I paletti del Garante

La legge nazionale che verrà, comunque, per il Garante deve avere specifiche caratteristiche necessarie, con paletti che ne renderanno l'eventuale applicazione forse meno estesa di quanto Salvini non la descriva: la necessità di «tutela di soggetti in condizione di particolare vulnerabilità», da equilibrare con la «libertà del lavoratore nell'adempimento della prestazione». Non è pensabile, ragiona il garante, sottoporre chi fa un lavoro di cura a vigilanza continua. E poi c'è il «diritto alla protezione dei dati personali dei vari soggetti ripresi dal sistema di videosorveglianza: non solo i lavoratori, dunque, ma anche gli stessi ospiti delle strutture educative o di cura».
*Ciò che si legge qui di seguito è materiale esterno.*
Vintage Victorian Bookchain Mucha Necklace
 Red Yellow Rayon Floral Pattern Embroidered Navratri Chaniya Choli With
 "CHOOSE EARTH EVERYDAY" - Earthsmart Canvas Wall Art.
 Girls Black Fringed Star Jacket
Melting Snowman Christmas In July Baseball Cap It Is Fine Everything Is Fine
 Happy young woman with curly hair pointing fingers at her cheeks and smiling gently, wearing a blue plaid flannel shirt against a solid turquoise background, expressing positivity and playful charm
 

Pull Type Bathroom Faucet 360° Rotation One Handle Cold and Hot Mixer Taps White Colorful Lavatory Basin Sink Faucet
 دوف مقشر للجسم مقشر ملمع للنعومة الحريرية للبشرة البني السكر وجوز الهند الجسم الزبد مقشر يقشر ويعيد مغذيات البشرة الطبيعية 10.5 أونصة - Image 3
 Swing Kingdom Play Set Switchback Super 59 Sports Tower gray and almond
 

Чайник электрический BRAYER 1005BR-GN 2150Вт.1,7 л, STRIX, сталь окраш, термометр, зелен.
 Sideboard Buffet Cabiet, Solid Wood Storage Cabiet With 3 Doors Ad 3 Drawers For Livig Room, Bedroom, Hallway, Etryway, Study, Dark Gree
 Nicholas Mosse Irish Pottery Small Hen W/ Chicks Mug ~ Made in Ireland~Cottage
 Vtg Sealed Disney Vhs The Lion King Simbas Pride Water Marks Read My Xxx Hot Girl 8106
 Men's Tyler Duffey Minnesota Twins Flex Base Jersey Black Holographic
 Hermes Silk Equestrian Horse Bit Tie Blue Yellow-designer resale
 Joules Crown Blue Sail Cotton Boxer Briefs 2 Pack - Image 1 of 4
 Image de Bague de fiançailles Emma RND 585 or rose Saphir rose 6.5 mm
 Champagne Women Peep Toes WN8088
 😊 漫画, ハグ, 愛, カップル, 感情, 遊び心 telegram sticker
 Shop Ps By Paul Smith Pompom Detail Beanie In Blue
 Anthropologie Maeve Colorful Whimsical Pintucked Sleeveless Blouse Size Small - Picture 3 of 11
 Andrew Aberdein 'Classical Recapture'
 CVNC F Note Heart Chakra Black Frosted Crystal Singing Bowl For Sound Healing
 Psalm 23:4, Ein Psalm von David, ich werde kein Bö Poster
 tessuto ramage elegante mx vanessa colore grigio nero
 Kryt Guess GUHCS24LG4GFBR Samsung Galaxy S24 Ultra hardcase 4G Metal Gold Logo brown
Nè la sorveglianza può essere a tappeto o indiscriminata. Il garante per la protezione dei dati personali chiede che – come previsto dalle ultime versioni del testo del ddl, l’installazione delle telecamere non sia indiscriminata e che sia limitata solo ai casi di effettiva necessità. Nonché che i dati siano cifrati e consultabili solo dagli inquirenti in caso di indagine. 

Nonostante i miglioramenti, avverte Antonello Soro, l’ambito di operatività del trattamento resta alquanto ampio ed eterogeneo. La videosorveglianza sarebbe, infatti, ammessa negli asili nido, nelle scuole dell’infanzia, nonché nelle strutture socio-sanitarie e socio-assistenziali per anziani e disabili, a carattere residenziale, semiresidenziale o diurno. L'invito è a un’ulteriore riflessione per limitare eventualmente l'operatività solo nei casi in cui il rischio giustifichi la limitazione della libertà di un lavoratore costantemente sotto l'occhio delle telecamere. La scuola, per esempio, ha le aule vetrate? Le telecamere non hanno molto senso, dice il Garante.